R’s mother considers how to hurry things along. “I need something to break her water.”
It takes several minutes to put her meaning across, but finally the woman sends the boy into the front room, where under a floorboard he’s hidden a bag of scrap metal.
“I sell it,” he explains, laying out the bag’s contents — copper wires, screws with damaged threads, shavings, one and two-inch pieces of pipe cutoffs. The copper could work. It’s stiff enough to offer pressure, flexible enough to bend into a hook.
They sterilize the wire in boiling water, then R’s mother ruptures the amniotic sac and the contractions intensify. The girl bites a rag while the woman describes her own labors. They all end happily, with shining baby and tired mother.
The girl looks to R’s mother. “What about you?” she sputters around the rag. “You have a son. Was his birth easy?”
R’s mother wipes her brow and smiles. “Happiness is sometimes the other side of another’s misery.” But she is speaking Hebrew, so the girl smiles back, assuming the best.
Another contraction begins. R’s mother cups the girl’s kneecaps in her palms. “I see a head,” she says in Arabic. “Push, press down hard.”

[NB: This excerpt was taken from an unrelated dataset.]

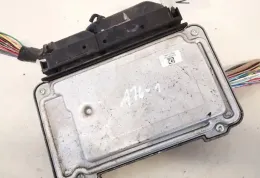 89661-0D270 блок управління ECU Toyota Yaris 2008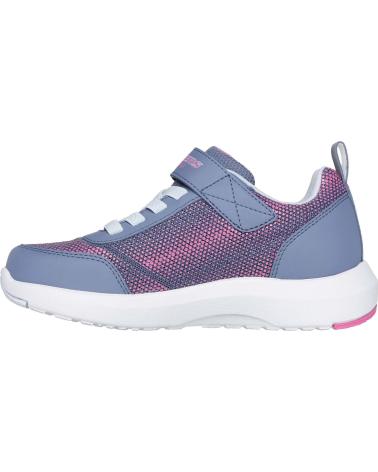 SKECHERS DYNAMIC IMPERMÉABLE 303387L-CCP LILAS LILA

The girl lifts herself on her elbows, clenches her teeth, and lets out a tiny squeal. The baby’s full head emerges. With a great huff, the girl lies back. “Tell us in Arabic,” she says. “Your birth was safe?”
R’s mother cradles the baby’s forehead, waiting for the next contraction to release the shoulders. “My boy came from the earth,” she says.

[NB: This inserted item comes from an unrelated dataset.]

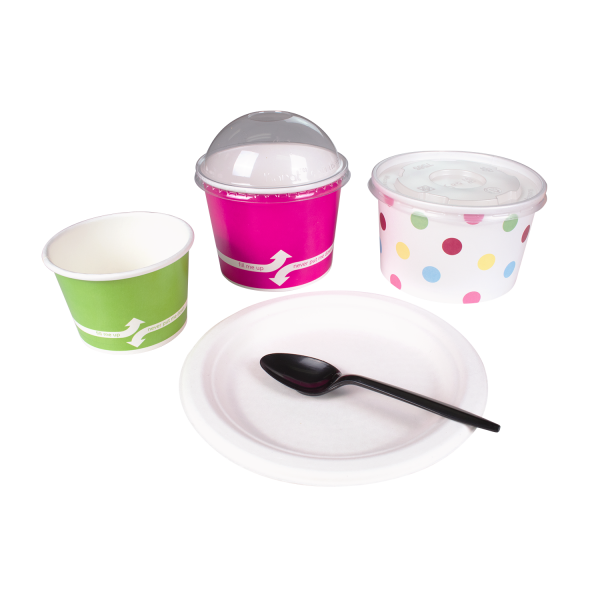Karat PP Plastic Medium Weight Tea Spoons Bulk Box - Black - 1,000 ct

“Did you grow him on a vine?” the girl smirks.
From the other side of the curtain the boy says, “I bet he was a root vegetable, like a potato.”
His mother leans around the sheet to give him a dirty look, but he and the girl continue to giggle until the next contraction takes them by surprise and the girl lets loose a soft scream.

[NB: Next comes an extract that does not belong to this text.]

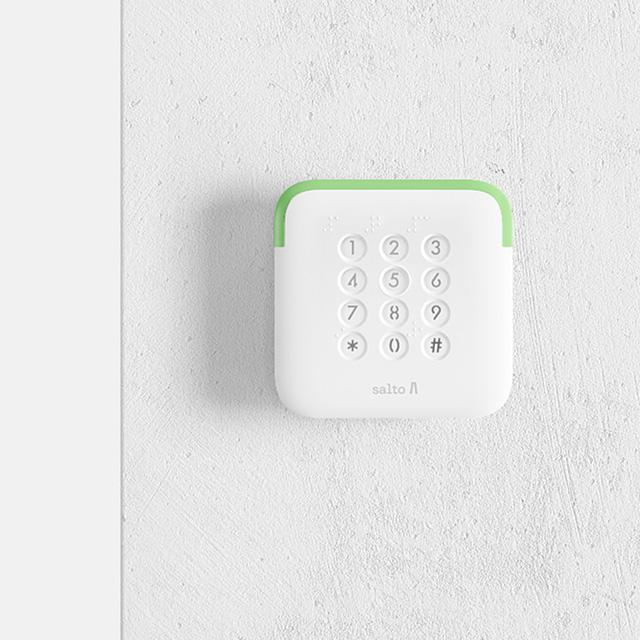 Salto Design XS European Reader, electronic access control solution for businesses and homes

“We’re almost there,” R’s mother says.
The woman lifts the girl by her shoulders, and as she pushes, R’s mother tells her story.
The year her son was born quakes shook old Byzantium, the earth mother’s tectonic bones grinding against one another until a final shudder pushed him free, a dark-haired, olive-skinned infant set adrift in disaster’s bulrush and washed up in the rubble of an Istanbul street. She was there as part of a medical emergency crew when he was brought in. No identification, no way to track down family. She cared for him for two months, waiting for someone to come looking, but no one did. No Kurd, Turk, Greek, Muslim, or Christian. So she took him home. “Why not?” she says. He was as likely to belong to a barren Israeli Jew as to anyone.